REPUBLIKA.CO.ID, DAGHESTAN -- Komandan dari salah satu unit militer Chechen di Rusia bersumpah akan pergi ke Gaza untuk memerangi Israel. Pada Senin (26/3/2025), seperti dilaporkan OC Media, Zhamid Chalaev menggungah sebuah video di Telegram yang menggambarkan aksi sniper Palestina menembaki tentara Israel dengan teks tertulis, "Kami akan segera bergabung, hanya soal masalah waktu".
Komentar Chalaev bukan kali pertama dari kalangan komandan Chechen. Sebelumnya tak lama setelah perang Israel-Hamas pecah, pejabat Chechen Hussein Mezhidov juga mengumumkan rencananya berangkat ke Palestina. Di Intagram yang diunggahnya pada November 2023, da membagian foto-foto pejuang Plaestina dengan teks, "Saudaraku, saya datang 'untuk membantu' kamu".

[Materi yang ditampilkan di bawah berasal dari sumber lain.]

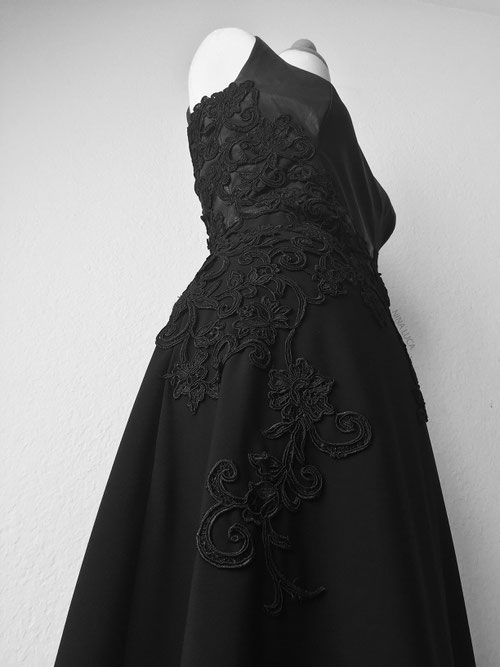 image: nina luca, fashion design, swiss fashion designer, schweizer jung designer, swiss design, swiss fashion, black wedding dress, leather wedding dress, dark fashion , dark style, dark wear, dark fashion blog, dark style blog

Para pejabat Chechen memang kerap mengungkapkan rasa solidaritas terhadap warga Palestina. Pejabat Chenchen, Ramzan Kadyrov pernah mendesak pemimpin Muslim di dunia untuk membentuk koalisi melindungi warga Palestina. Dia menekankan perlunya usaha bersama untuk mencegah Israel membom warga sipil di bawah justifikasi memerangi Hamas.
"Saya meminta para pemimpin negara Muslim, membentuk sebuah koalisi dan menghubungi teman-teman Anda di Eropa dan seluruh negara Barat, untuk berhenti membom warga sipil dengan alasan menghilangkan militan," kata Kadyrov.
Pada 17 Oktober 2023, Kadyrov mendesak Israel untuk menghentikan eskalasi dan mengingatkan agar tidak memprovokasi Muslim di dunia sehingga mengambil langkah balasan.
"Jika rezim Israel berpikir Palestina sendirian dan bisa diperlakukan semaunya mereka, mereka sangat salah," kata Kadyrov.
Tiga hari kemudian, Kadyrov menggambarkan perang di Gaza sebagai genosida terhadap Muslim Palesintina. Dia juga menghubungkan aksi Israel terhadap warga Palestina sebagai fasisme.
Pada 29 Oktober 2023, protes massa pecah di bandara Makhachkala, Daghestan, dipicu kedatangan pesawat dari Tel Aviv. Ratusan pemrotes menggeruduk bandara, memindai penumpang, dan menuntut larangan masuk warga Israel.
Bangunan gedung bandara dan kendaraan dirusak selama protes itu, dan pihak keamanan tidak bisa langsung segera melakukan penertiban. Otoritas Daghestani menyebut insiden itu sebuah provokasi, dan dan Komite Investigasi Rusia kemudian melakukan penyelidikan atas kerusuhan tersebut.